I love YouTube because you can learn all sorts of stuff on it just browsing. Lately I’ve learned a whole lot about various entertainers and musicians just because I trip over stuff. This is one of those instances. This story is about a Michael Jackson song called Human Nature.
For some reason, I no longer get embed codes from YouTube videos, so I’m sorry I’m just providing a link.
This morning, I tripped over an interview with Steve Porcaro of Toto, who wrote Human Nature. He’s about to go to the studio where the band is working on Africa, a song where the lyrics make no sense at all but sonically I could listen to it all day, and first he’s going to drop by to visit his kindergarten-aged daughter. She complains to him about some boy who hit her on the playground and he’s thinking of how to explain this to her. He heads over to the studio, sits down at the piano and starts writing Human Nature. He eventually gets help with part of the lyrics.
At that point he lives with the other Toto keyboard player, David Paich. They both do some work with Quincy Jones and Michael Jackson but Porcaro’s work is as a player, not a songwriter. Quincy likes Paich’s writing, so he has Paich record ideas daily and send them over. Porcaro has just put a demo of Human Nature onto cassette at the house when he gets a phone call from Paich, who asks him to put a couple of recordings onto cassette and give the cassette to the courier from Quincy who comes by every day. Porcaro looks around and they’re out of cassettes, so he takes the Human Nature cassette he has, fast forwards it, flips it over, labels the blank side the A side, and records Paich’s stuff onto it. Then he gives it to the courier. He figures there’s no way Quincy is listening to the B side, so what’s on the B side doesn’t matter.

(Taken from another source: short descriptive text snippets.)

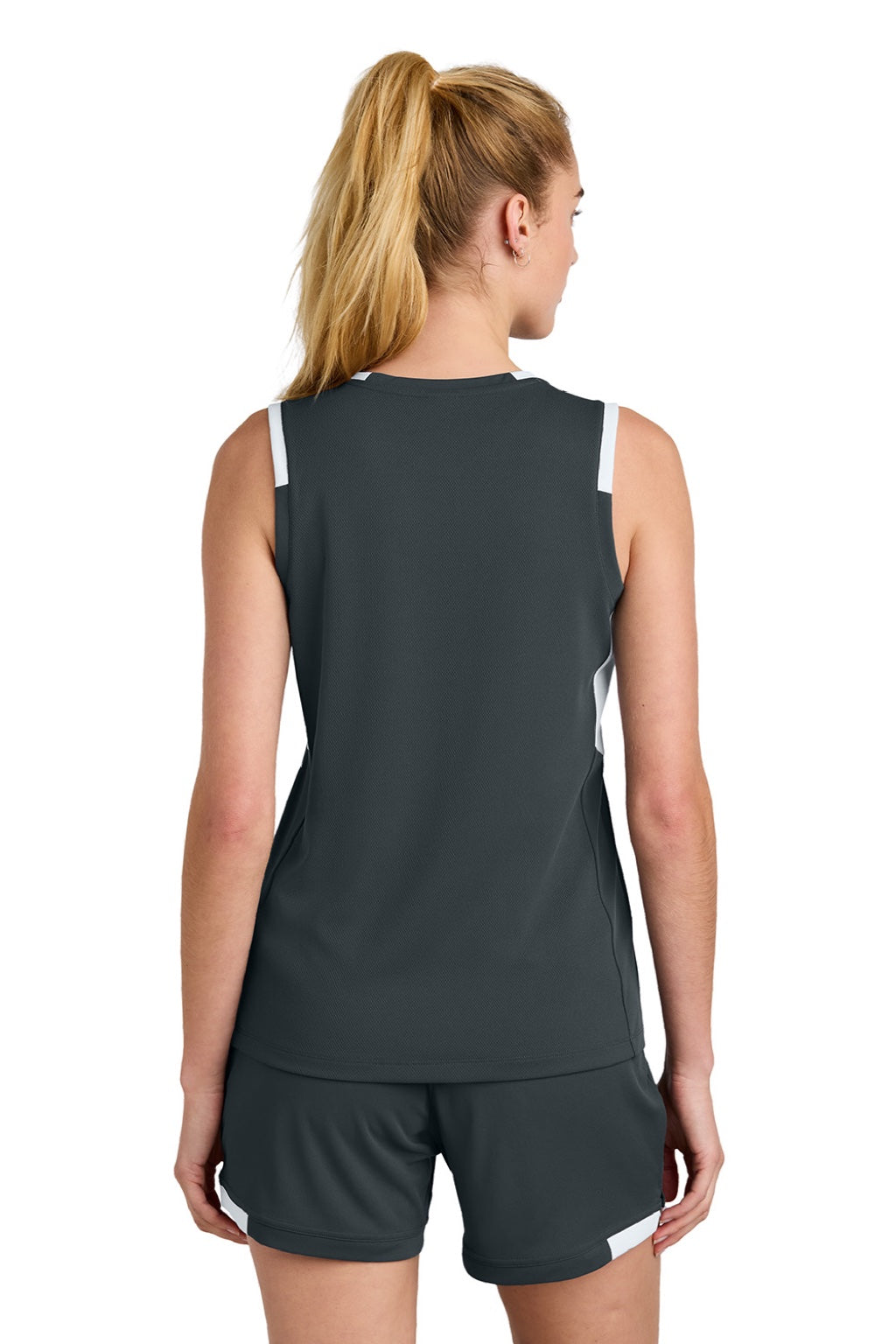 Sport-Tek LST441 Womens Club Moisture Wicking V-Neck Tank Top Iron Grey/White Model Back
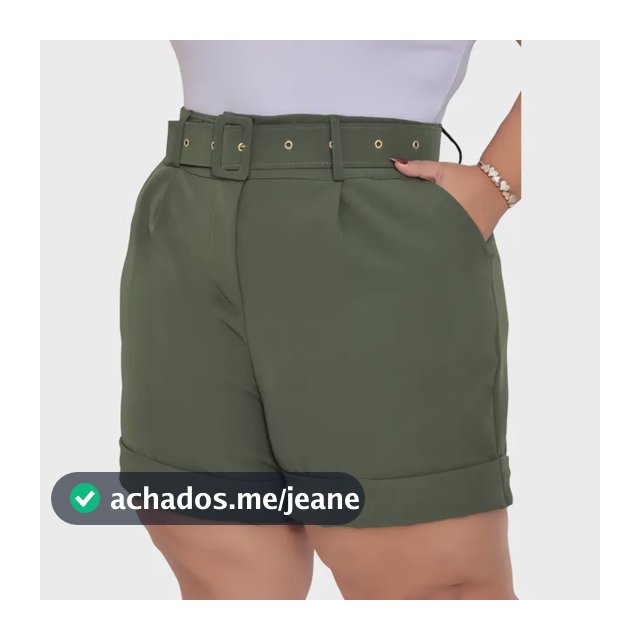 Short Alfaiataria Plus Size Feminino Com Cinto Social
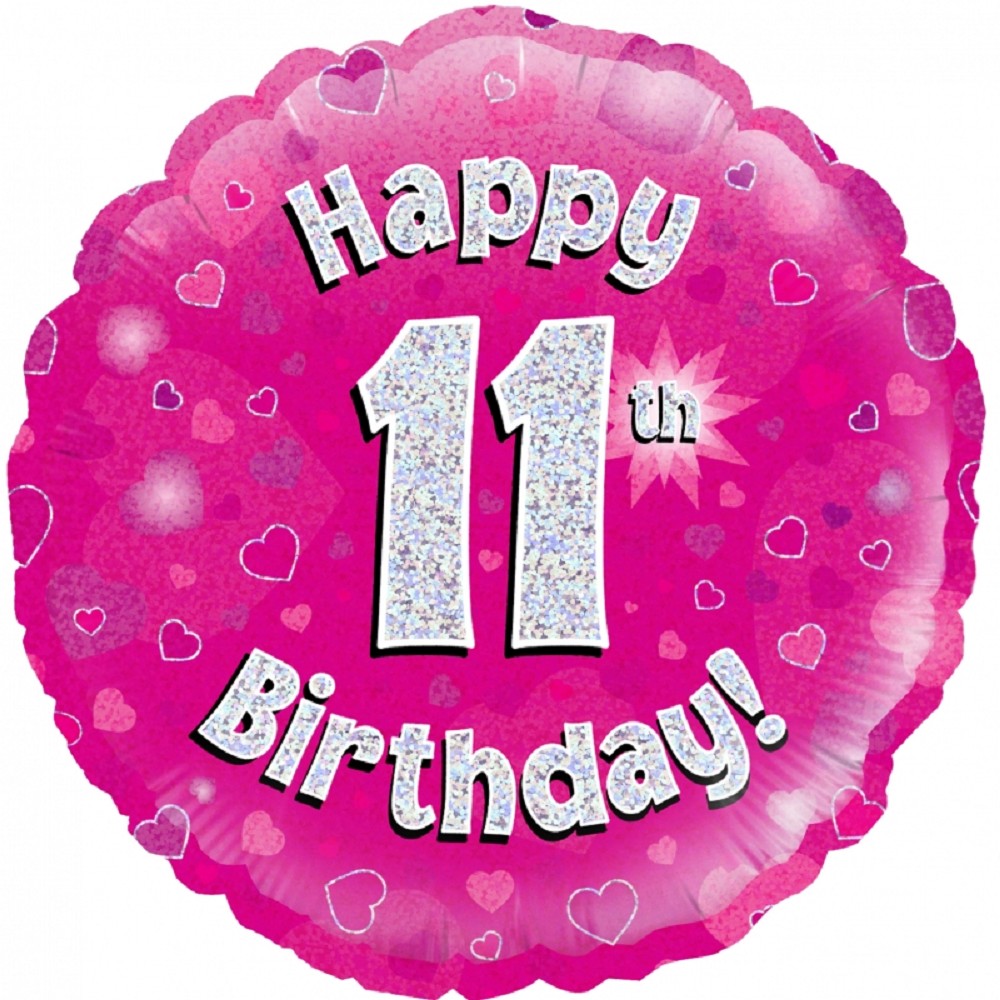 18" Happy Birthday "11" Pink Holographic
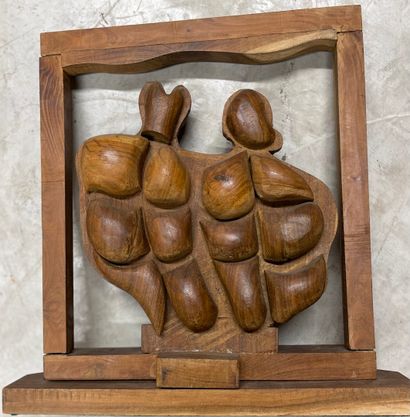 null Naum KNOP (1917-1993)
Adam and Eve 
In carved wood 
Monogrammed NK on the terrace
42...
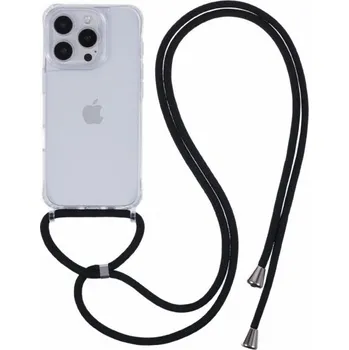 Pouzdro na mobilní telefon Transparentní kryt se šňůrkou pro iPhone 16 Pro Max - černý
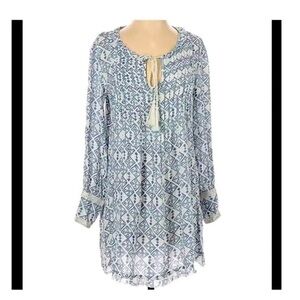 Free People Marlow Geometric Long Sleeve Boho Mini Dress White‎ Blue Small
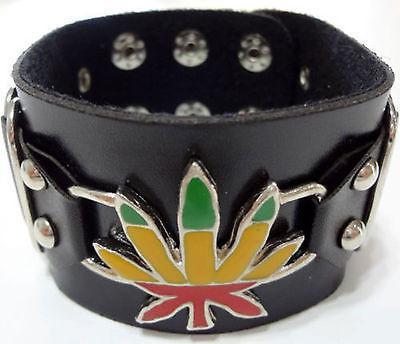 Black Leather Biker Rasta Cannabis Leaf Bracelet Wristband Bangle Mens Ladies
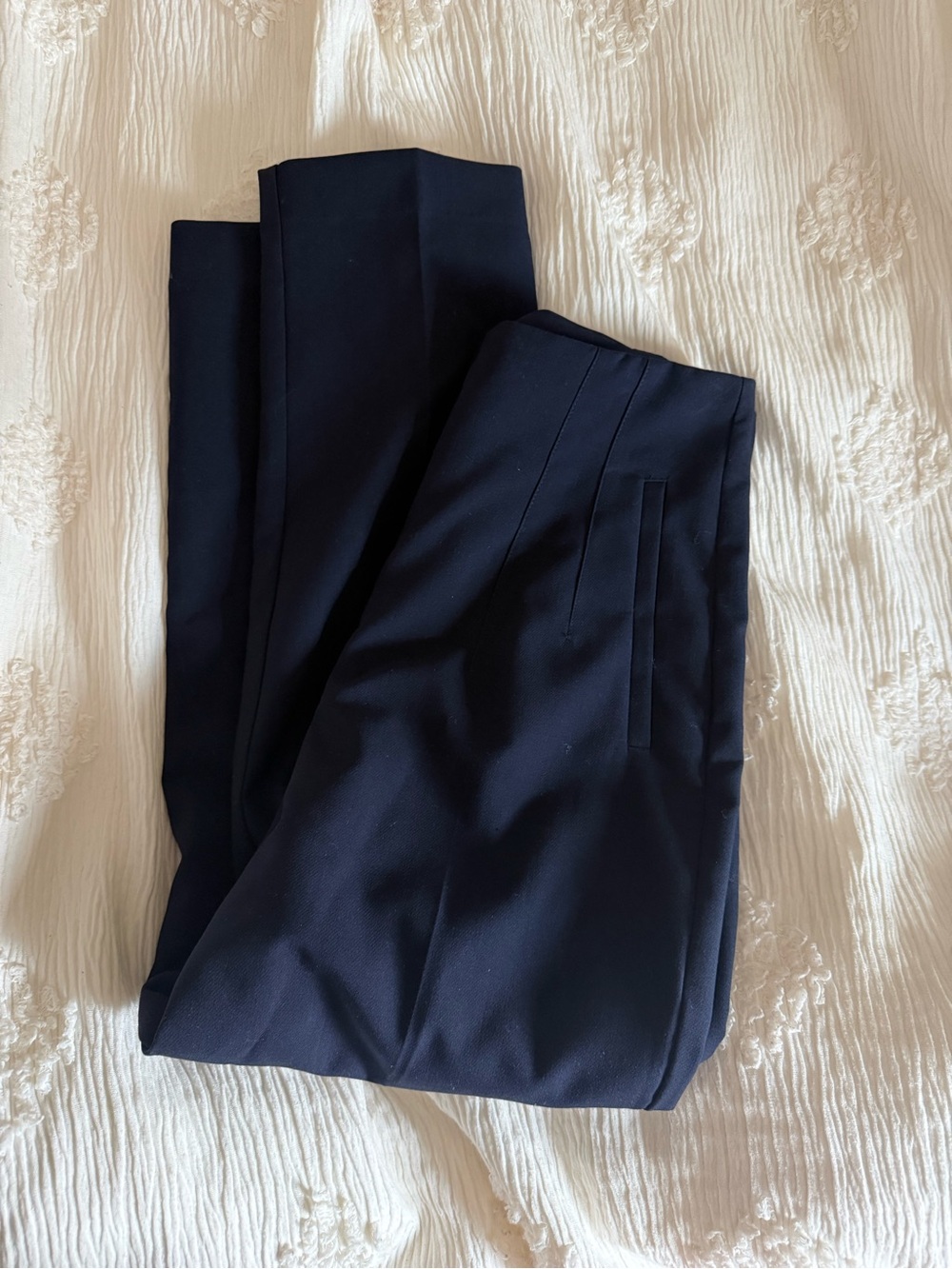 Zara ‘Pants With A High Waist’ Navy Tailored Trousers, women’s size M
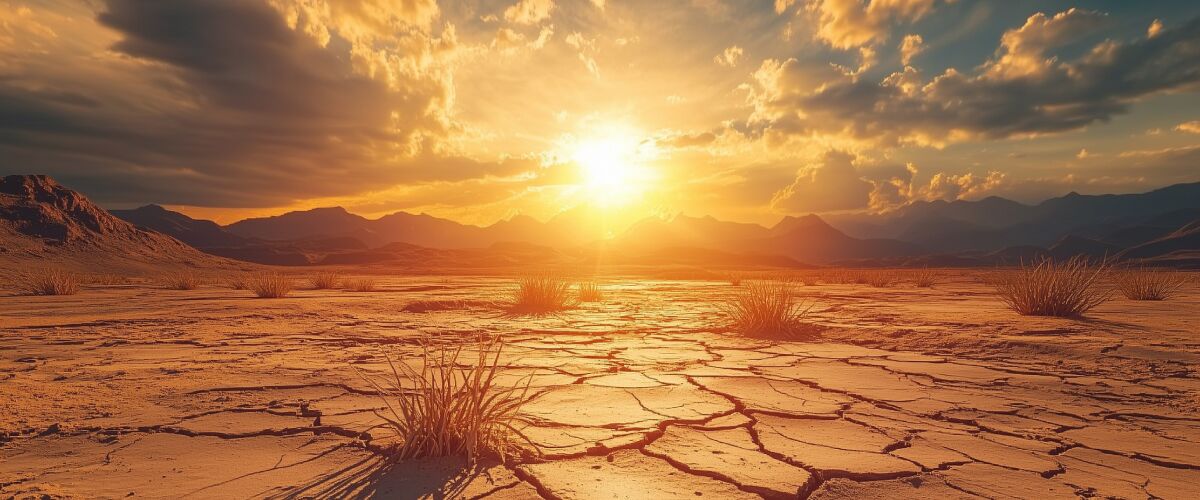 Concept art of an article about Free Market Climate Change Solutions: cracked desert ground with the sun in the background (AI Art)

And, in fact, he’s kind of right; Quincy had no intention of listening to the B side. And would have missed it,
except that he didn’t bother stopping the cassette player when Paich’s material finished but just kept working. Which still wouldn’t have resulted in his hearing the B side, except that his cassette player had a feature called Auto Reverse. So Quincy is working, the cassette automatically reverses and plays the B side.
And that’s why Michael Jackson recorded Human Nature.